### [Problem details]
Leaving the pictures aside, transcribe every line below exactly.

### [Input data]
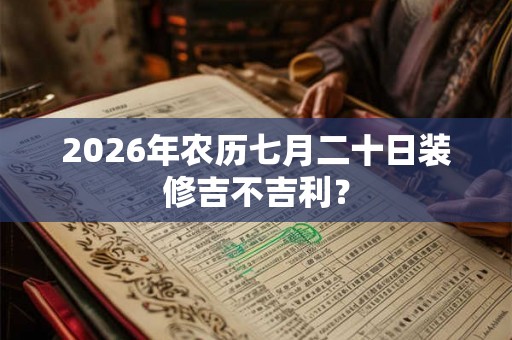 2026年农历七月二十日装修吉不吉利？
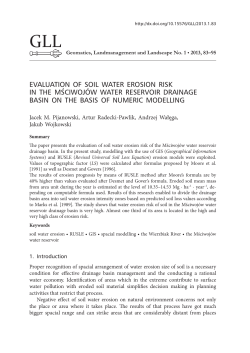 evaluation of soil water erosion risk in the mściwoj&oacute;w water reservoir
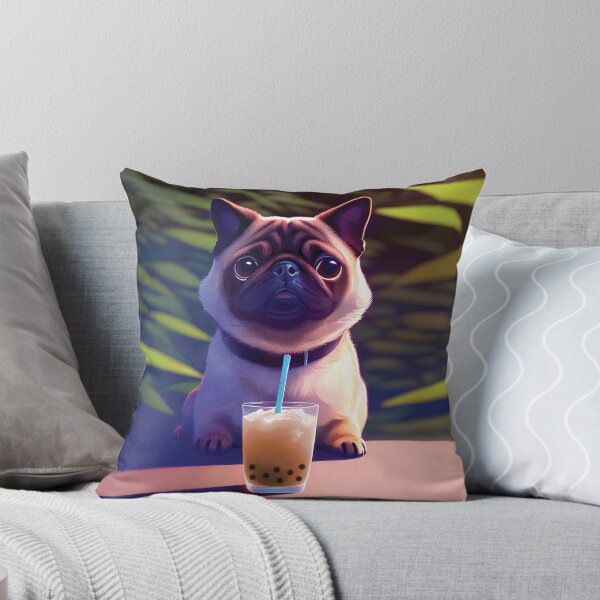Item preview, Pug with boba bubble tea designed and sold by akwl-design.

### [Task result]
 2026年农历七月二十日装修吉不吉利？
 evaluation of soil water erosion risk in the mściwoj&oacute;w water reservoir
Item preview, Pug with boba bubble tea designed and sold by akwl-design.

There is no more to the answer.